• Task item:
When you reach the line that contains "袋井市浅羽マンション キッチン", begin copying exactly and continue through the last line below. Do not copy pictures.

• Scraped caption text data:

- - - - -

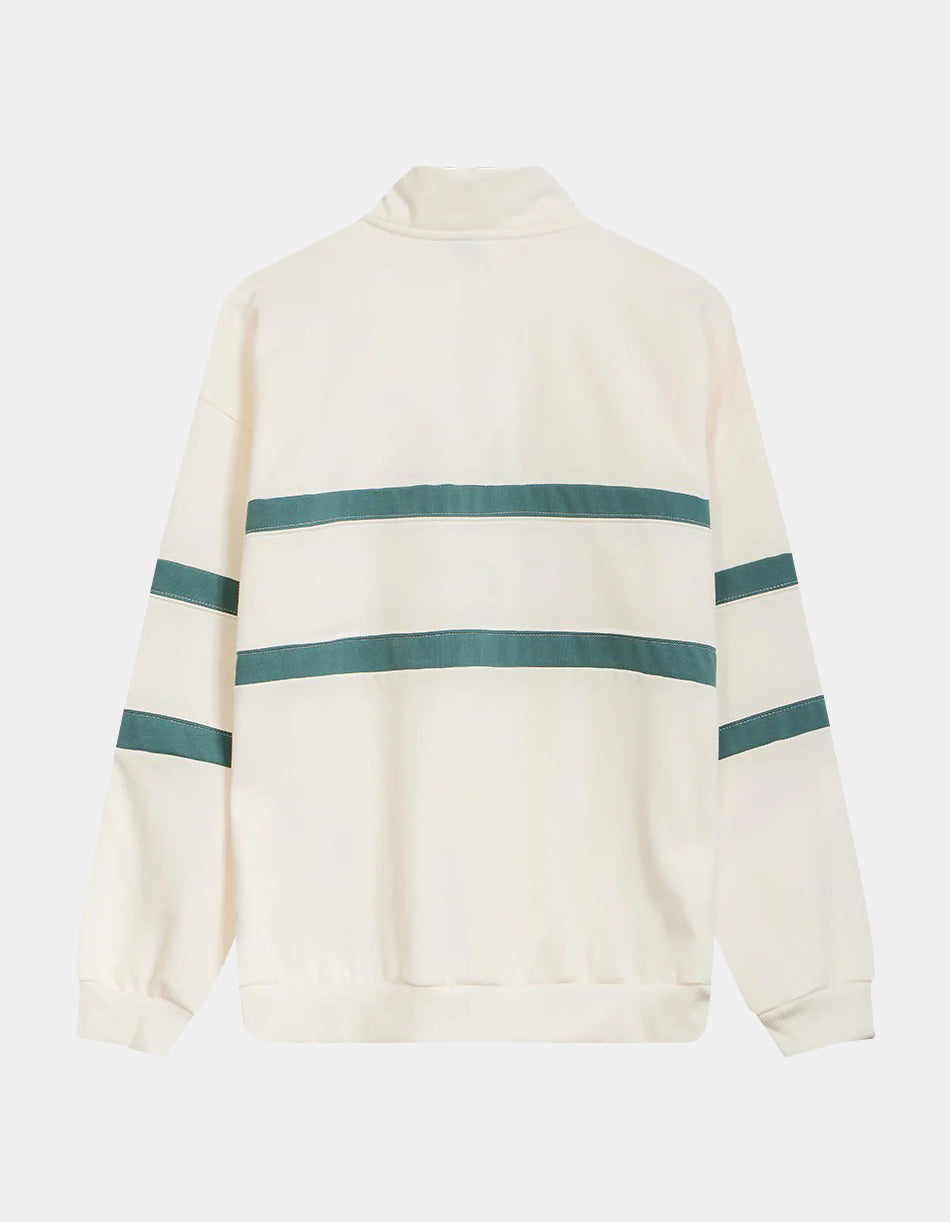 Sudadera Crew KAOTIKO BERWIN - Ivory/Heura
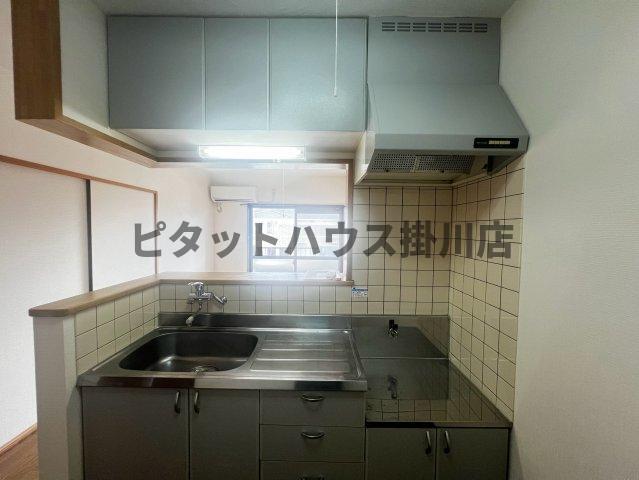 袋井市浅羽マンション キッチン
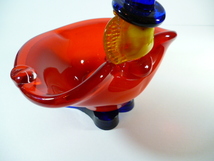 β Venetian murano glass ベネチアングラス 小物入れ 置物 ピエロ β ヴェネチアン ベネチアンガラス ムラノ ムラーノ オブジェ_画像6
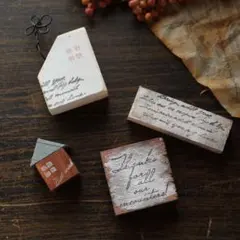 おうちオブジェ インテリア雑貨 4点セット ハンドメイド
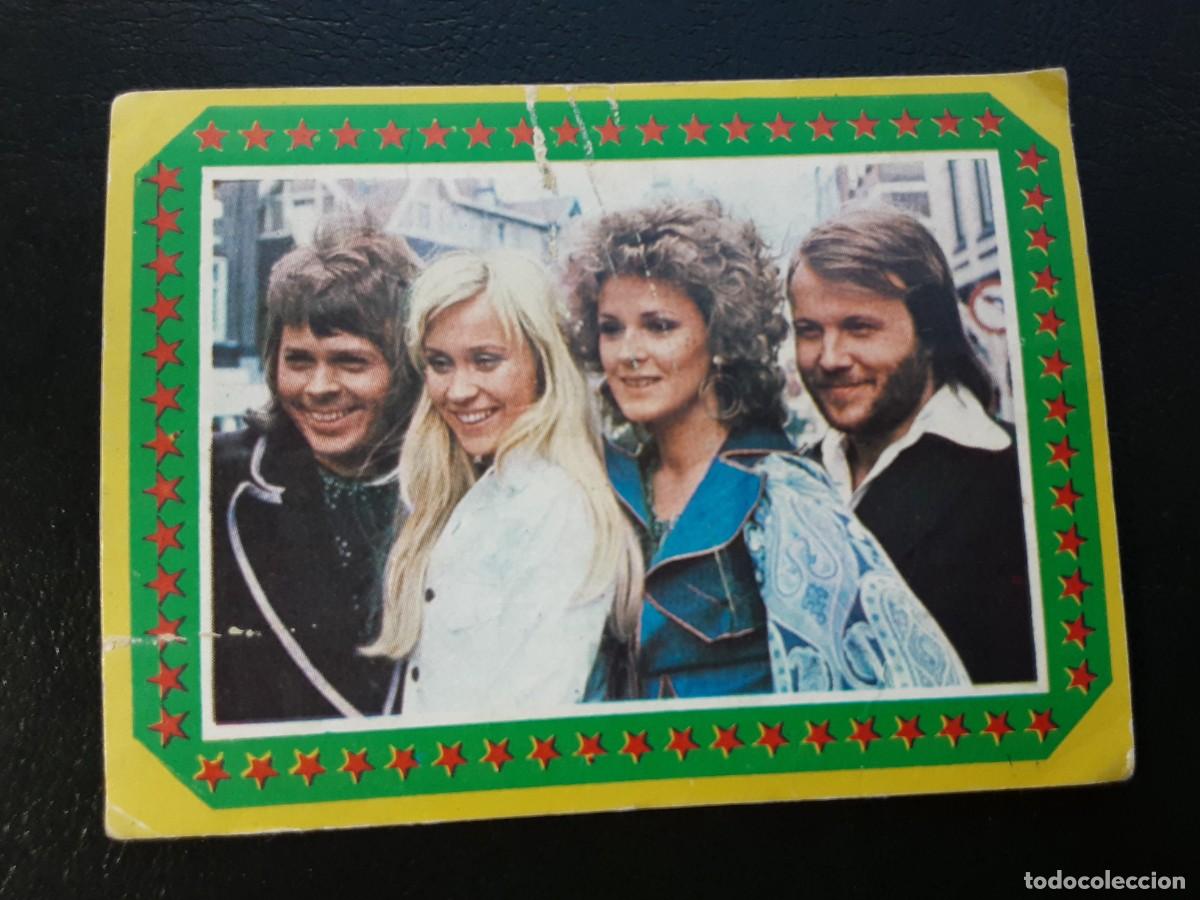 Coleccionismo cromos antiguos: ABBA, COLECCI&Oacute;N ESTRELLAS, N&Uacute;MERO 130 - Foto 1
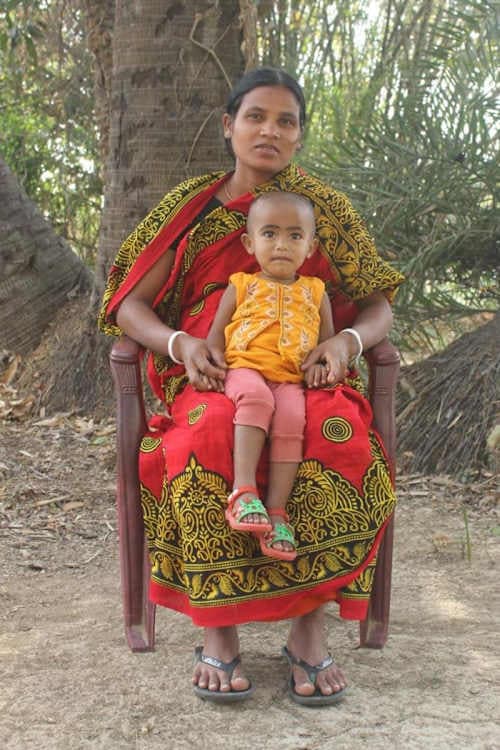 An unsponsored girl named Ditika from Bangladesh who is vulnerable to exploitation and has waited 530 days for a sponsor.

- - - - -

• Finished exercise:
 袋井市浅羽マンション キッチン
 β Venetian murano glass ベネチアングラス 小物入れ 置物 ピエロ β ヴェネチアン ベネチアンガラス ムラノ ムラーノ オブジェ_画像6
 おうちオブジェ インテリア雑貨 4点セット ハンドメイド
 Coleccionismo cromos antiguos: ABBA, COLECCI&Oacute;N ESTRELLAS, N&Uacute;MERO 130 - Foto 1
 An unsponsored girl named Ditika from Bangladesh who is vulnerable to exploitation and has waited 530 days for a sponsor.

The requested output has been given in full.